UNITED STATES DISTRICT COURT SOUTHERN DISTRICT OF INDIANA INDIANAPOLIS DIVISION
Aug 25, 2015
1:15-cv-00365-JMS-DKL (S.D. Ind. Aug. 25, 2015)

Opinion

1:15-cv-00365-JMS-DKL

08-25-2015

DENISE GAY DECRANE and CHRISTOPHER HAGAN HUFF, Plaintiffs, v. ELI LILLY AND COMPANY, Defendant.


ORDER

On August 22, 2015, Plaintiffs filed a Response to Court's Order Regarding Submission of Citizen Declaration. [Filing No. 29.] The Response addresses the Court's August 11, 2015 Order, [Filing No. 28], which required them to serve a declaration on Defendant Eli Lilly and Company ("Eli Lilly") from Plaintiff Denise DeCrane relating to her citizenship, and to facilitate the filing of a joint jurisdictional statement, by August 21, 2015.

In their Response - filed the day after the August 21, 2015 deadline - Plaintiffs state that they have not been able to obtain a declaration from Ms. DeCrane. [Filing No. 29 at 1-2.] They advise that Ms. DeCrane was in contact with Plaintiffs' counsel and indicated that she had sent her declaration to counsel, but the declaration did not arrive. [Filing No. 29 at 1-2.] Plaintiffs state that Ms. DeCrane is now out of the country on a scheduled trip, and is unreachable. [Filing No. 29 at 2.] In lieu of a declaration, Plaintiffs submit: (1) printouts of her Facebook profiles, which list Kentucky as her place of residence, [Filing No. 29-1]; (2) a form titled "Cymbalta Withdrawal Question[n]aire," allegedly completed by Ms. DeCrane, which lists her address as Somerset, Kentucky, [Filing No. 29-2]; and (3) a Motor Vehicle Record printout obtained from WestLaw, indicating that Ms.
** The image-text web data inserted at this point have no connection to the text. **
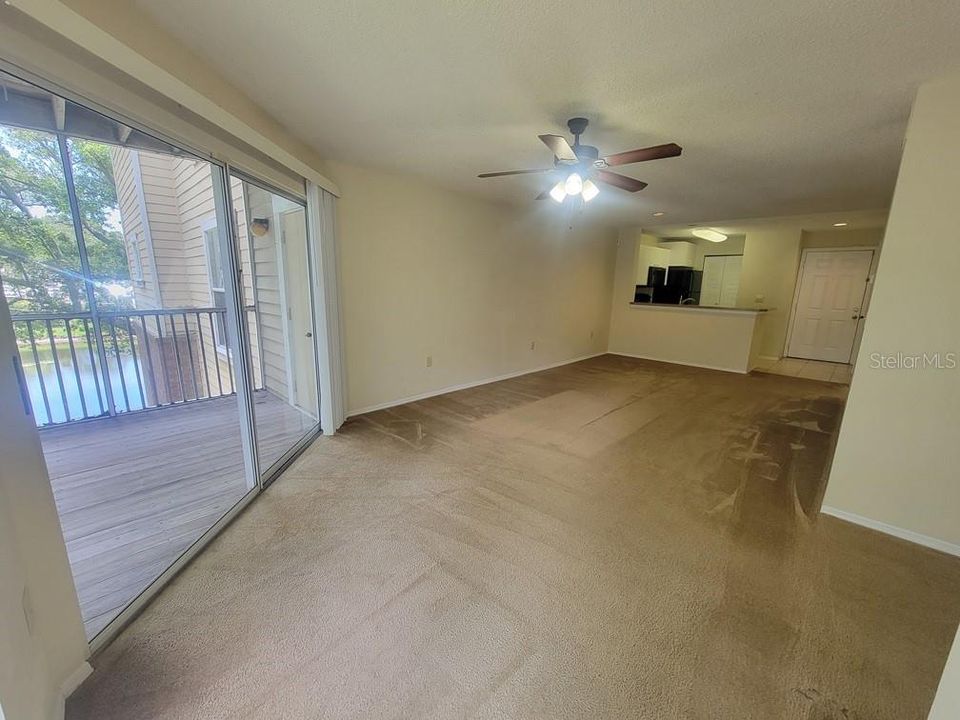 For Rent: $1,450 (2 beds, 2 baths, 990 Square Feet)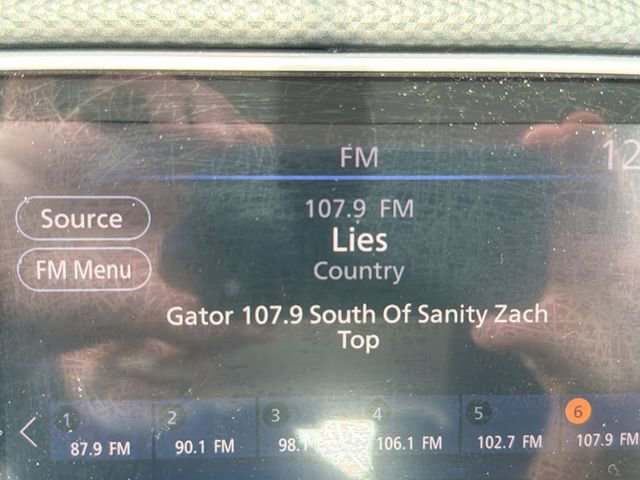Used 2018 Nissan Kicks SV FWD image 19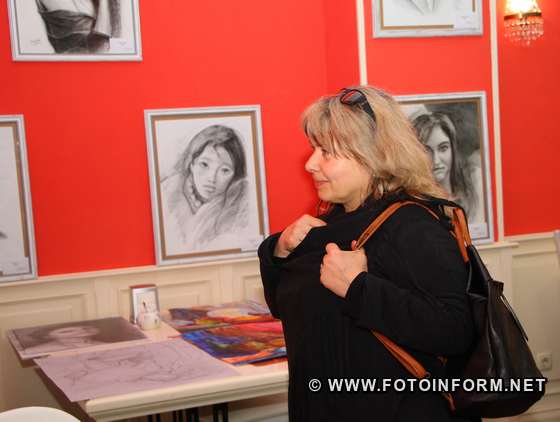У Кропивницькому відкрилася виставка картин 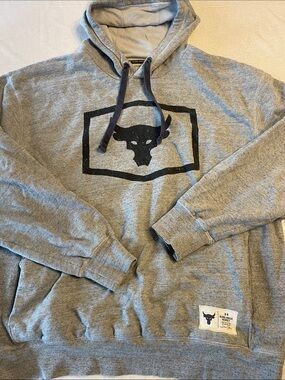 Under Armour Gray Hooded Sweatshirt with Bull Graphic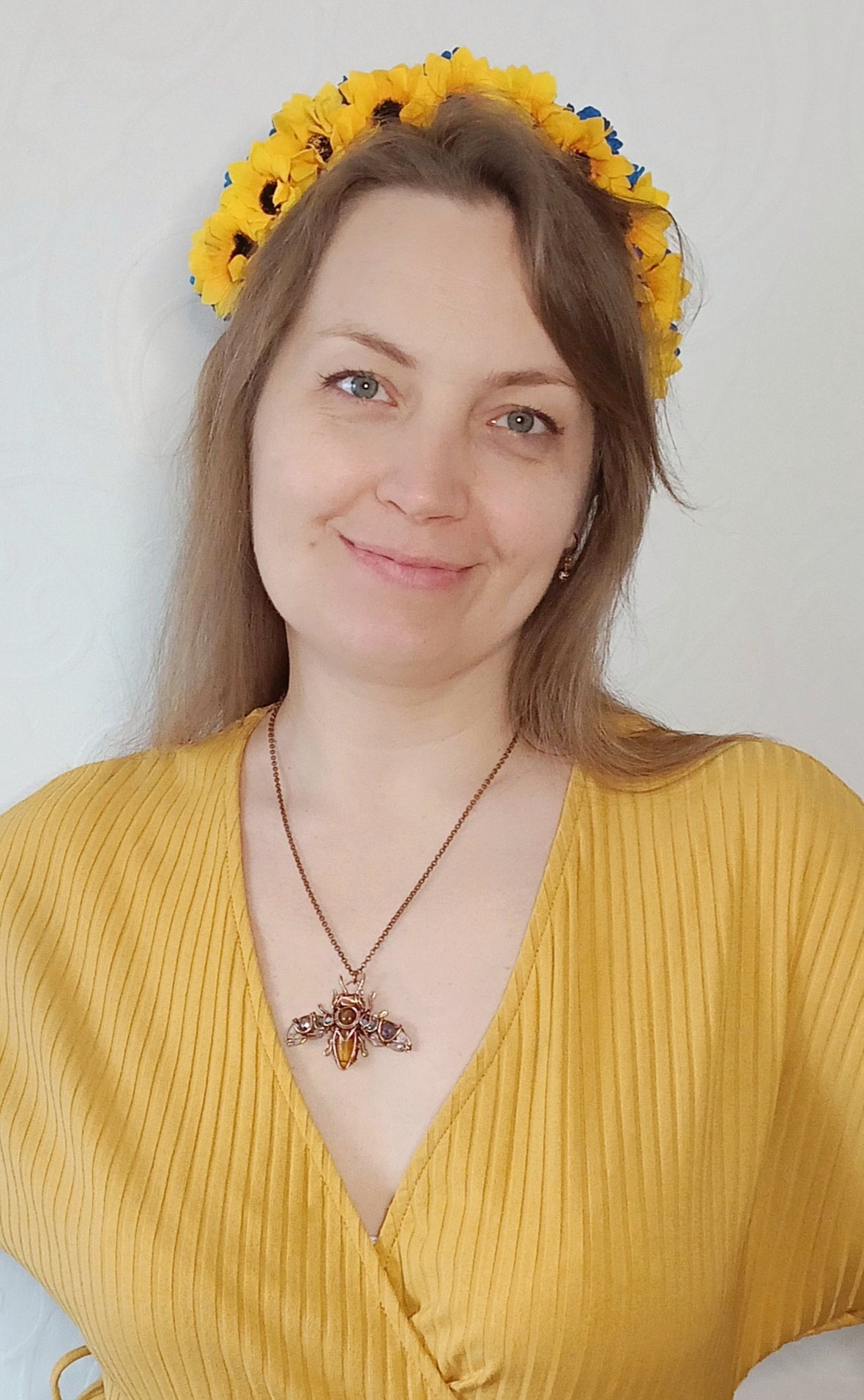 Blueberry bee necklace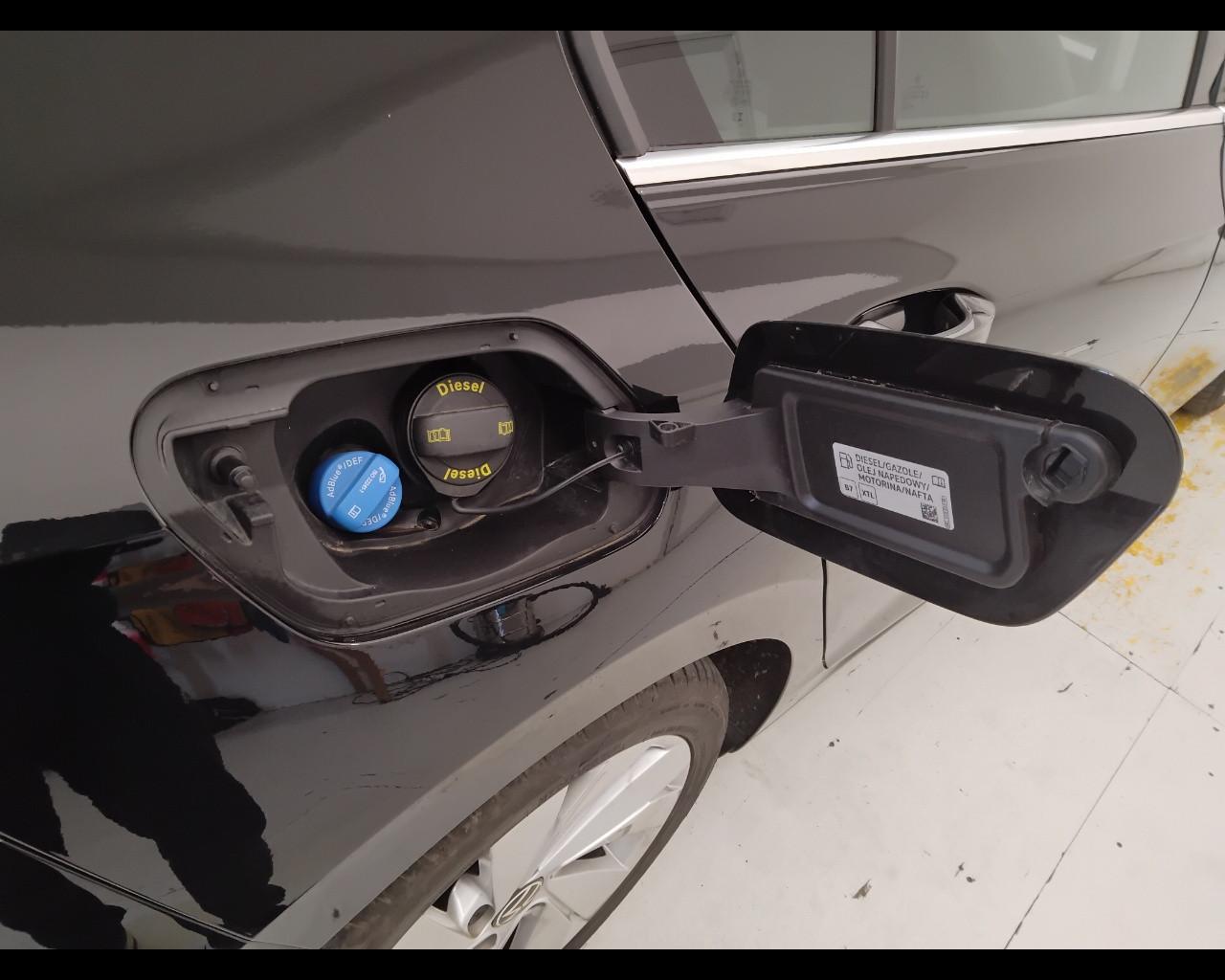 VOLKSWAGEN Golf VIII 2024 - Golf 2.0 tdi Style 150cv dsg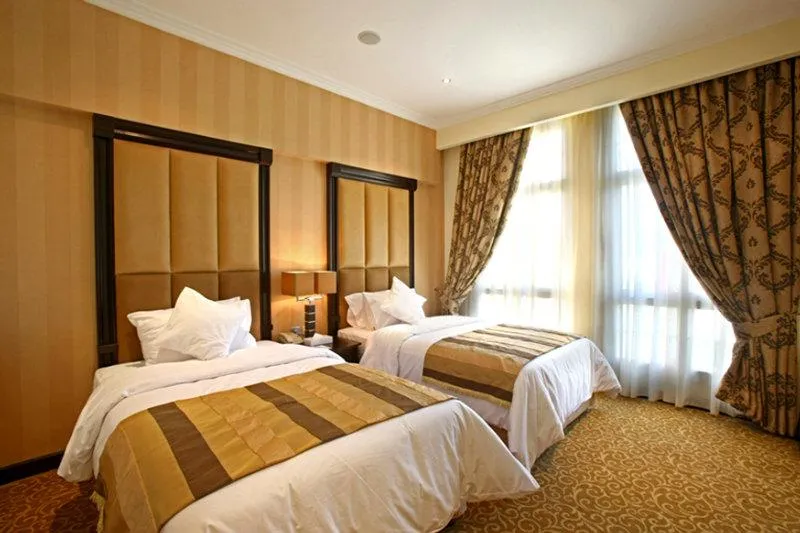 Double or Twin DELUXE Room, London Suites Hotel, Dubai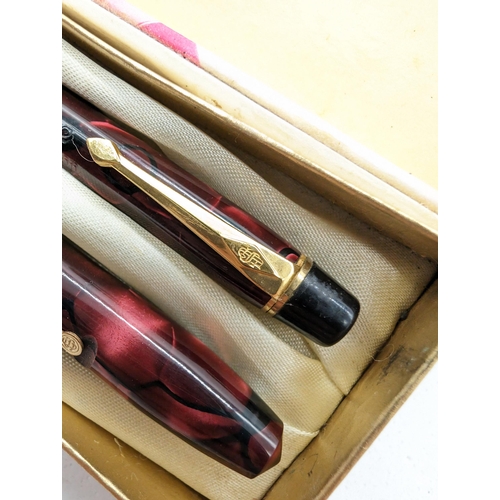 456 - Very Rare Conway Stewart  no# 14 ,14k Pen Set Marbled Red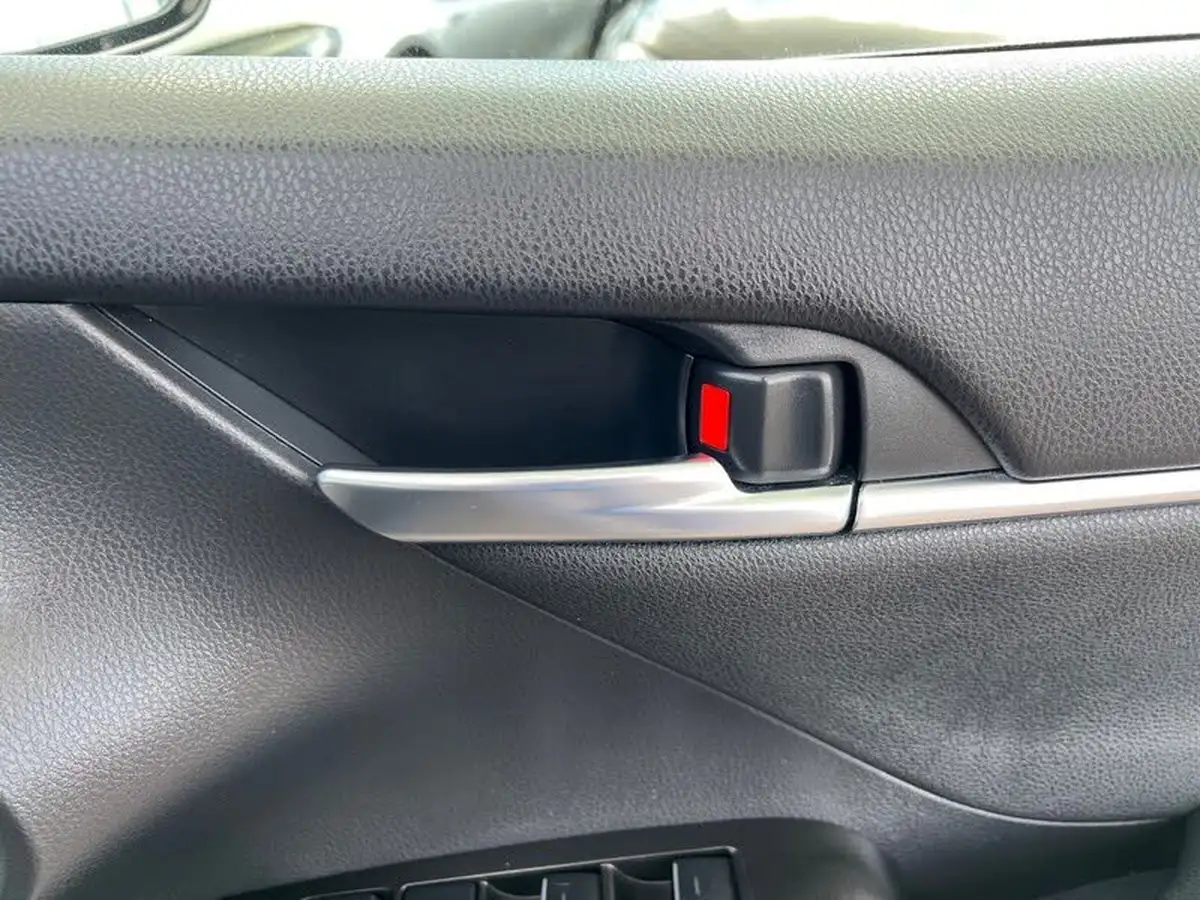 2021-toyota-camry-25-vvt-i-design-big-61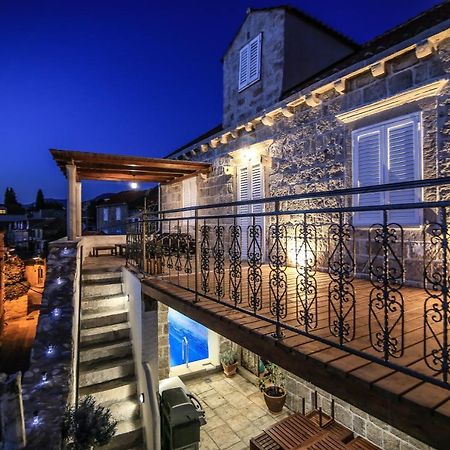 Dubrovnik-Cavtat Villa Mima -Sea Front Villa With Pool ภายนอก รูปภาพ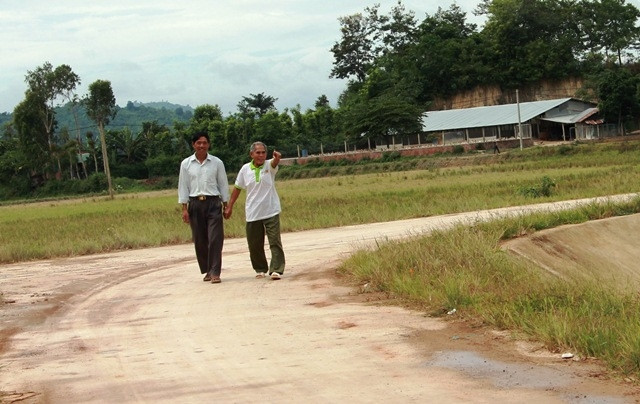 Đoạn đường do CCB Khúc Tiến Long ở thôn Liên Kết 2, xã Buôn Tría, huyện Lắc hiến đất làm đường tạo điều kiện thuận lợi cho người dân địa phương đi lại.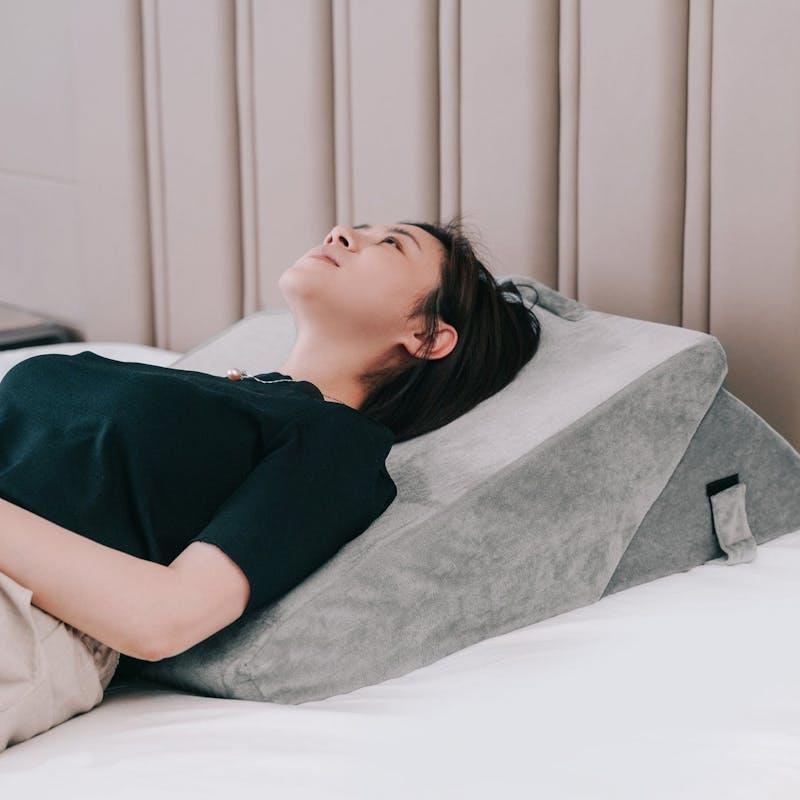 Load image into Gallery viewer, Clevinger Memory Foam Adjustable Bed Wedge Sleep Cushion Pillow 1pc
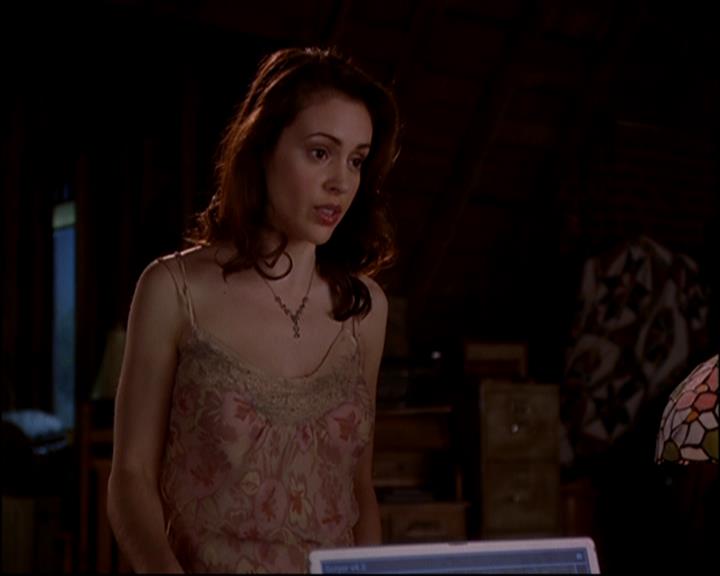 Charmed-Online-dot-816EngagedAndConfused1723.jpg Charmed-Online-dot-816EngagedAndConfused1723.jpg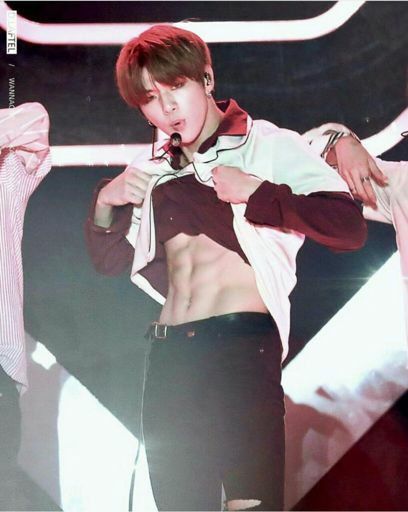 Kang Daniel (abs compilation) | Kang Daniel 🍑 Amino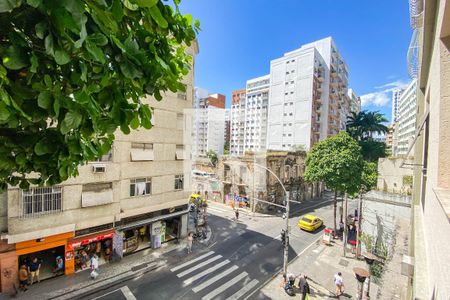 Vista da sala de apartamento para alugar com 1 quarto, 36m² em Centro, Rio de Janeiro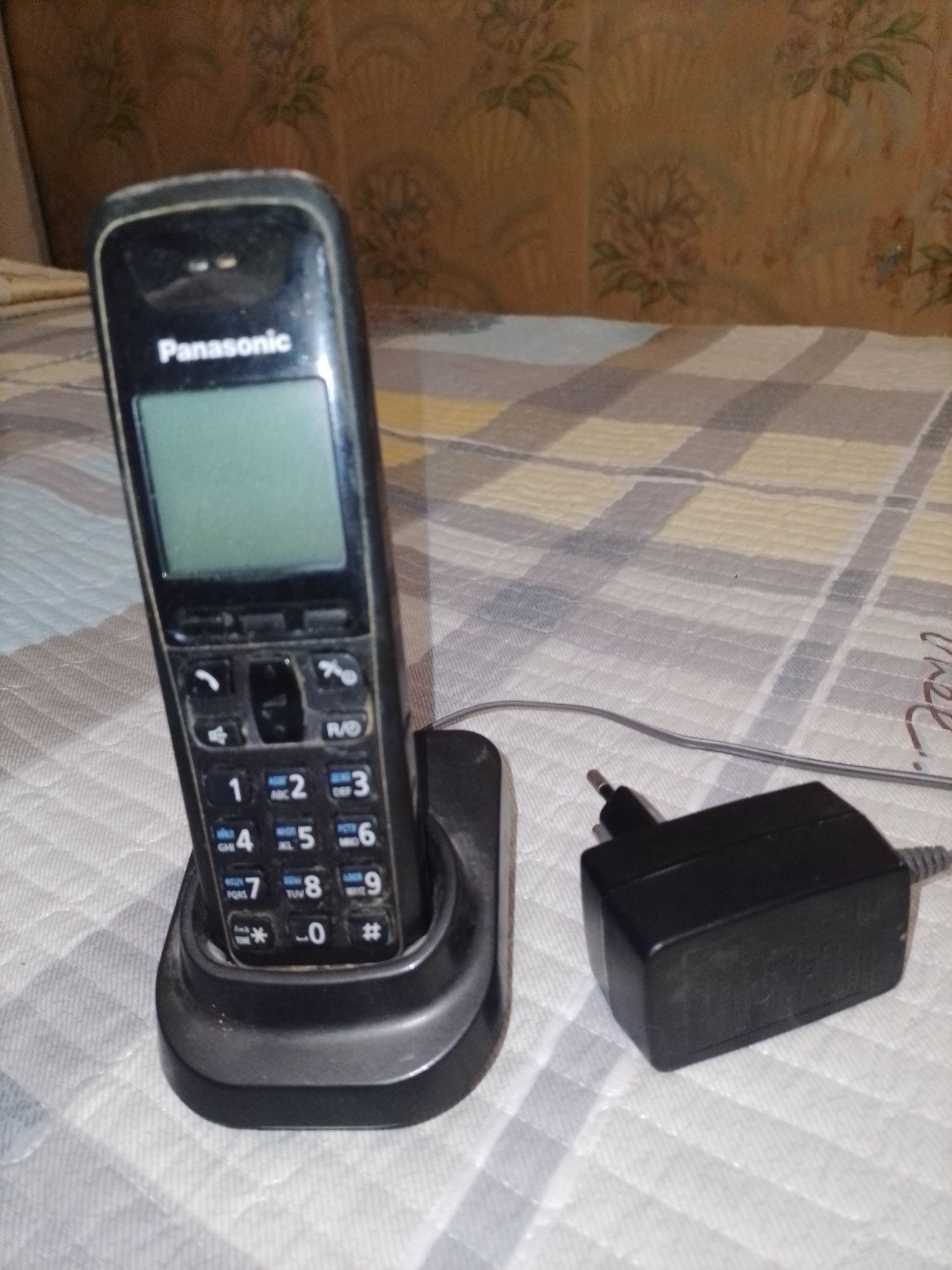 Отдам в обмен радиотелефон...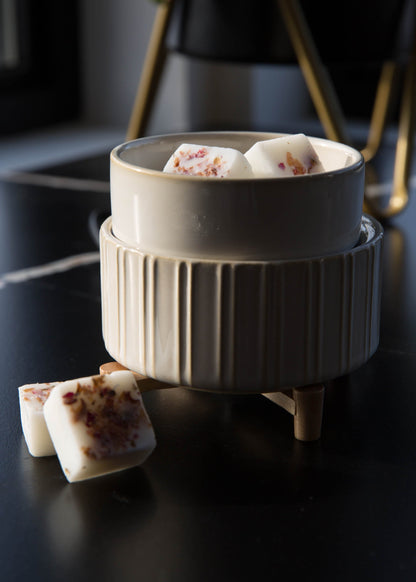 diffuseur utilise avec cubes de cire parfumés framboise et pin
DeCrane had a vehicle registered in Kentucky from July 2013 to July 2015, [Filing No. 29-3].

The Form, as filed, contains Ms. DeCrane's complete birth date. The Court DIRECTS the Clerk to SEAL this document, [Filing No. 29-2], and ORDERS Plaintiffs to re-file the document with Ms. DeCrane's full birthdate redacted immediately. Further, the Court cautions Plaintiffs' counsel to ensure that documents with personal identifiers are only filed in redacted form in the future. Fed. R. Civ. P. 5.2(a) (requiring certain personal identifiers to be redacted in court filings, including full birth dates).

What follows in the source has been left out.